Data items:

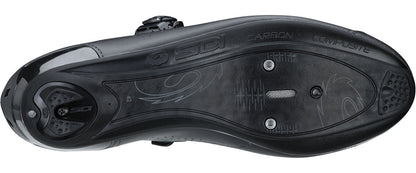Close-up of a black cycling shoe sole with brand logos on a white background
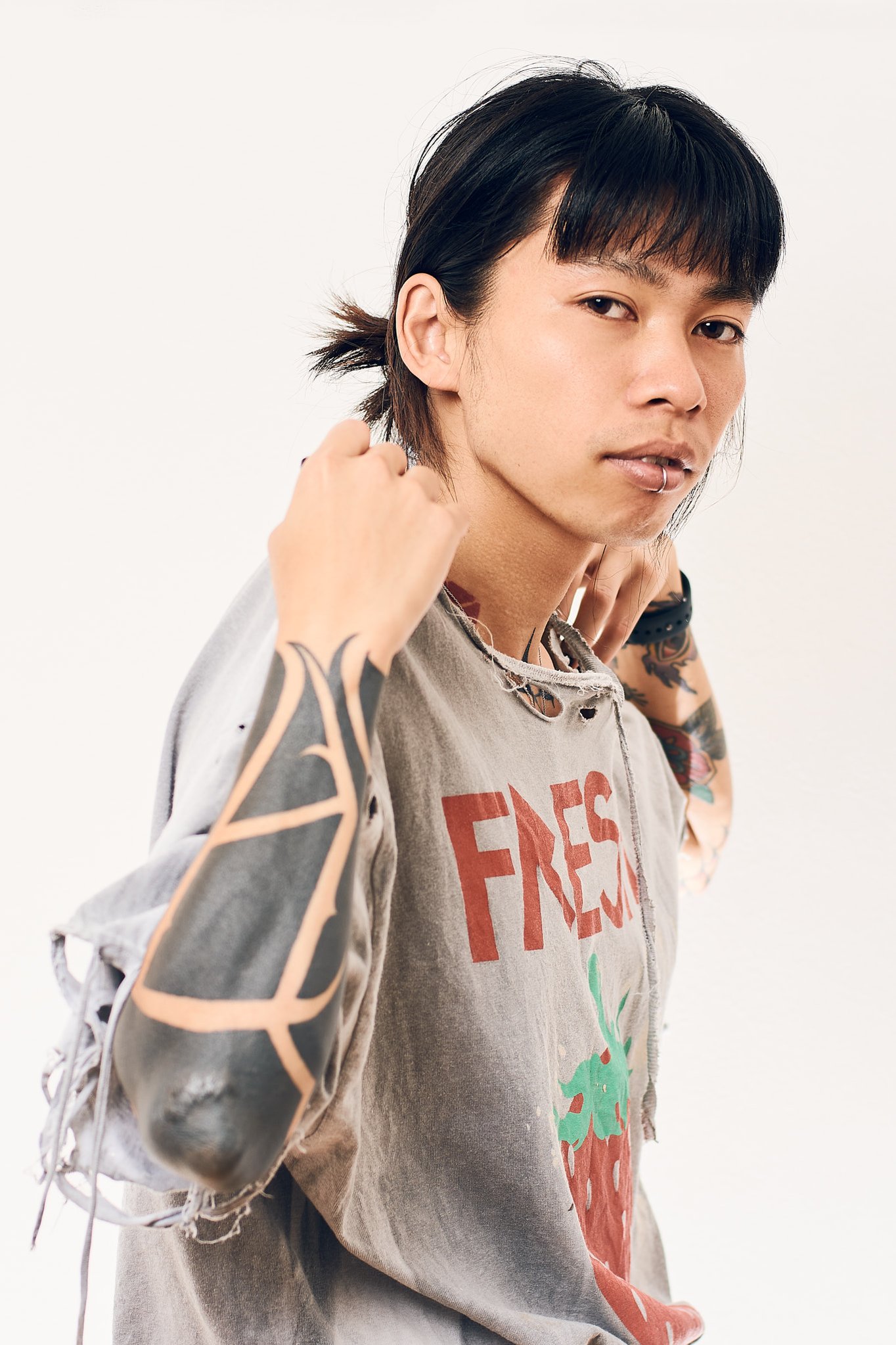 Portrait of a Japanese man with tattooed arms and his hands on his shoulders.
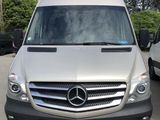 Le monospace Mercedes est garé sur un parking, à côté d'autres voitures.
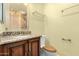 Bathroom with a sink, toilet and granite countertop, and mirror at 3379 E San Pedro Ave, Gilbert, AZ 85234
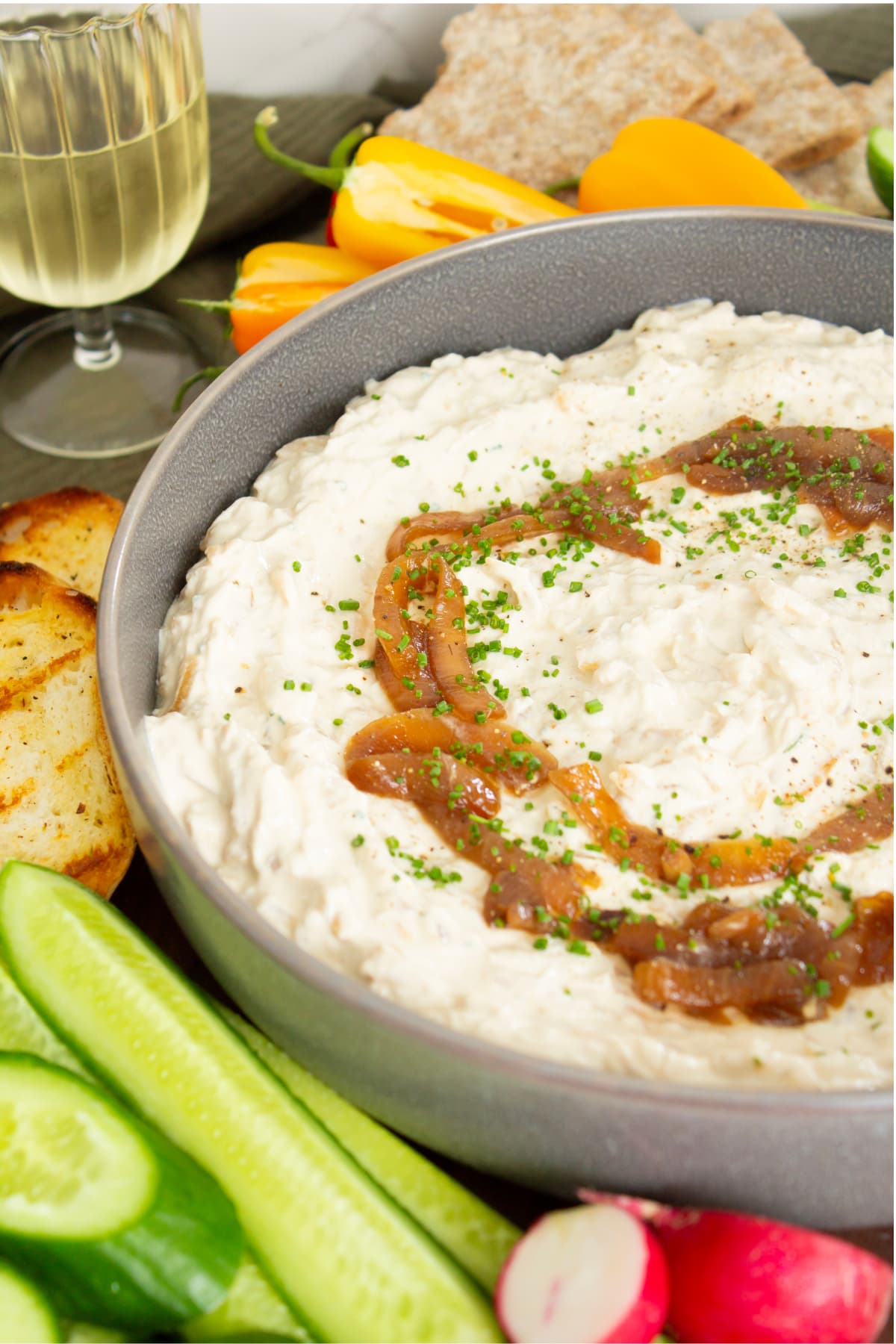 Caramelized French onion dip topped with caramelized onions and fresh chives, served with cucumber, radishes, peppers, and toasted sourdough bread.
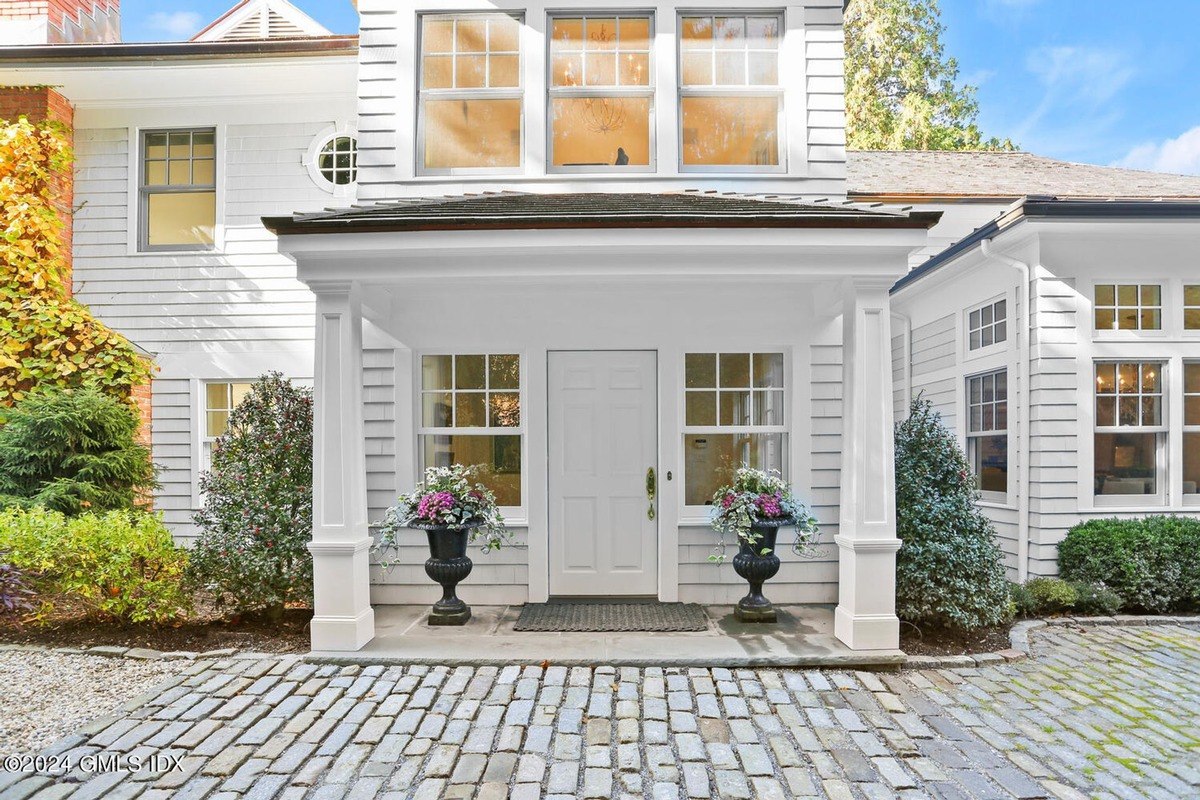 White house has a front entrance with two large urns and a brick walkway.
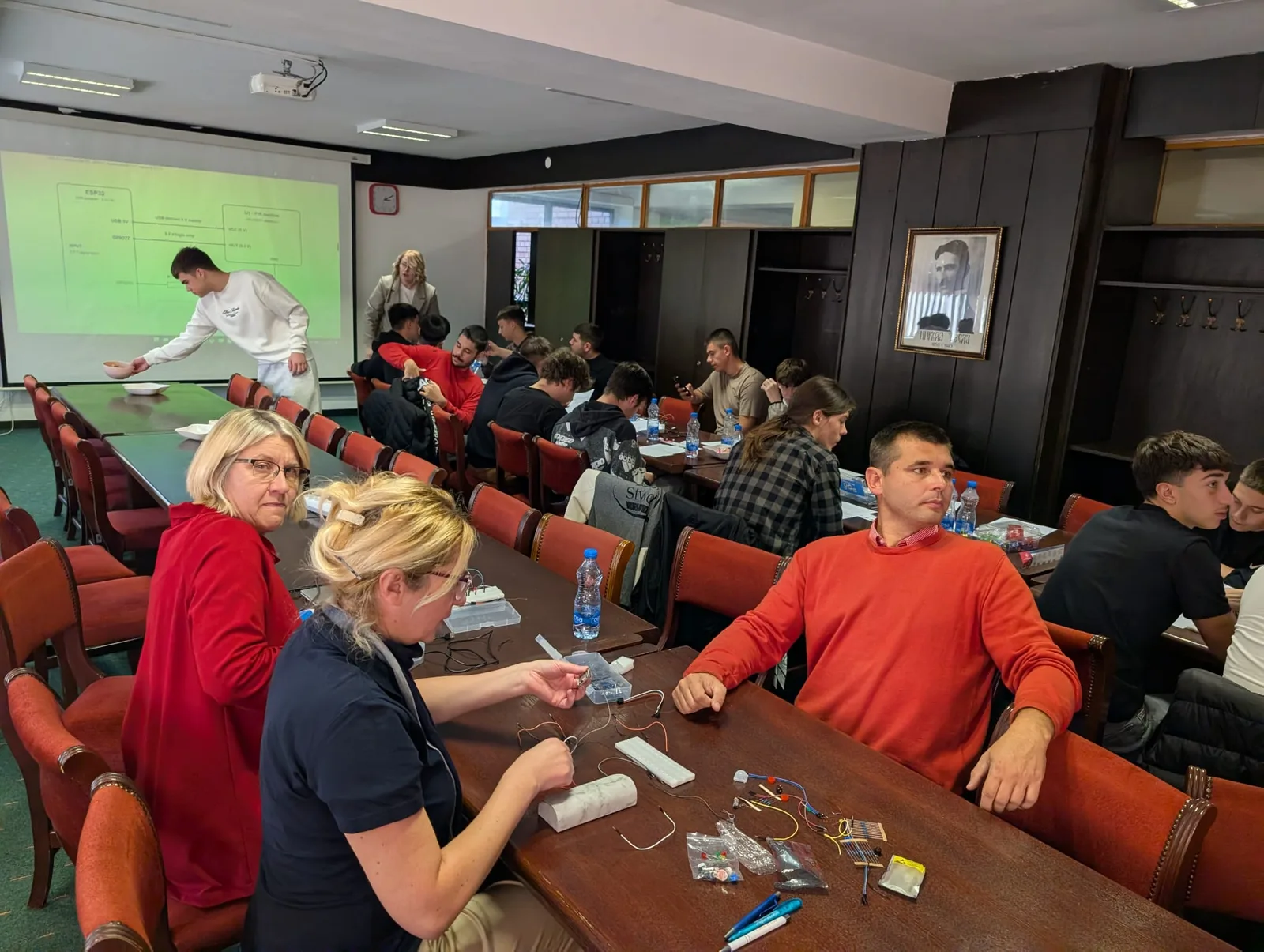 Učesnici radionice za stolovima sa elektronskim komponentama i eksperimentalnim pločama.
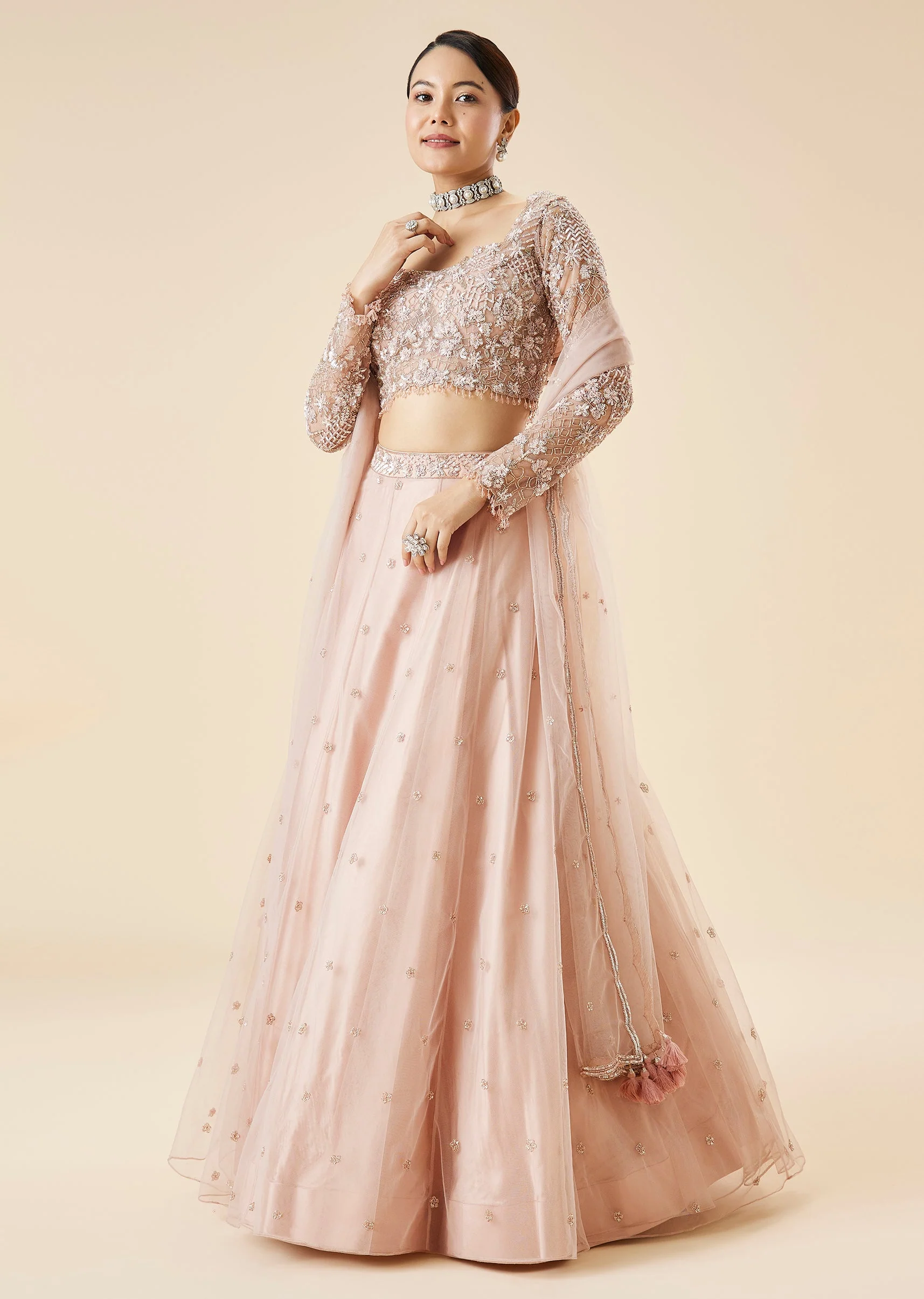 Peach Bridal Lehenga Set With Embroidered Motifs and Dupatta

Assigned task:
A clean copy is needed of the lines above from the one with "Portrait of a" up to and including the one with "Bathroom with a". Please set it down exactly, with no pictures.

Solution below:
 Portrait of a Japanese man with tattooed arms and his hands on his shoulders.
 Le monospace Mercedes est garé sur un parking, à côté d'autres voitures.
 Bathroom with a sink, toilet and granite countertop, and mirror at 3379 E San Pedro Ave, Gilbert, AZ 85234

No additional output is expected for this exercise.